Denson’s bail on the original charge was revoked in February 2007 when he continued to solicit funds, according to court documents. He served about 14 months of the 18-month sentence. That time included “good time” earned in federal prison and the four months he was held without bail while awaiting the resolution of his first case.
At his 2007 sentencing, U.S. District Judge George Singal ordered Denson to serve three years of supervised release after completing his prison term and to pay restitution of $58,600 to the victims who requested it. That money has not been repaid, according to testimony presented at Friday’s hearing by Secret Service Agent Martin Conley of Portland. Conley led the investigation that resulted in the charges being filed against Denson four years ago and this week.
Denson, according to the affidavit Conley filed Tuesday in federal court, told at least three victims over the past 10 months that he had millions of dollars in overseas accounts — $10 million in Ghana and $13 million in the Royal Bank of Scotland. The defendant allegedly told the victims that the money had been left to him by a deceased friend but that he needed to pay a $5,000 fee to gain access to the accounts.
He allegedly asked victims for a loan, promising to repay them $9,000 or more in a few days after he had access to the overseas account. Denson made two wire service payments in June for a total of $4,700 to the United Kingdom, according to the affidavit.
Denson’s problems began in 2006 when he fell for a fraudulent Internet scheme out of Ghana, according to previously published reports.
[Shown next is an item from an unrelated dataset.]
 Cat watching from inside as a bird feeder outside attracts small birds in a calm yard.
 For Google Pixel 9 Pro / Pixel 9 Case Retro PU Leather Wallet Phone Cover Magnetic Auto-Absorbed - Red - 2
The owner of a successful window-washing business in Portland, Denson sent $60,000 to the African nation after being told he could get a $9 million inheritance.
After he ran out of his own money in 2006, Denson used a variety of stories to get additional funds from seven so-called investors and wired the money overseas in hopes of getting the millions promised. In all, he bilked seven people out of nearly $80,000, but only four sought restitution, according to court records.
It was unclear Friday how many people might have been victimized by Denson’s most recent alleged activities.
If convicted on the new charges, Denson faces up to 20 years in prison and a fine of up to $250,000.